In 1975 she married Derek Bryceson, director of Tanzania's national parks and a member of parliament. His death from cancer four years later shook her faith, but also was the catalyst for the spiritual renewal she discusses in her book.

Goodall's "The Chimpanzees of Gombe: Patterns of Behavior" was published in 1986, followed by five more books for adults and several for children. Named a Commander of the British Empire in 1995, she holds many awards and is the only non-Tanzanian to be awarded the Kilimanjaro Medal.

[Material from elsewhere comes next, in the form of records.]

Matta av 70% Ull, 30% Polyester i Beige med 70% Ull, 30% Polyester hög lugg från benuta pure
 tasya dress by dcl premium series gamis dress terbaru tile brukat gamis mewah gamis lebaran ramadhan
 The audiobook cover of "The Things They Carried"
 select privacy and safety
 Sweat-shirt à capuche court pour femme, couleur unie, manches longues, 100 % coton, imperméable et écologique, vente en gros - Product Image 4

On Earth Day 1991, concerned about the rapid disappearance of the chimpanzees' habitat, Goodall founded Roots & Shoots to educate young people about the environment. Beginning with 16 secondary-school students who met on her veranda in Dar es Salaam, the organization now has more than 1,000 registered groups in 50 countries. Members ranging from kindergartners to college students are involved in projects caring for the environment, animals and their local communities.

"This kind of thinking and feeling of responsibility towards the environment or towards animals and people is something which, unless it's ingrained in children, is a very hard thing to do," she said. Roots & Shoots is "about making the world around you a better place."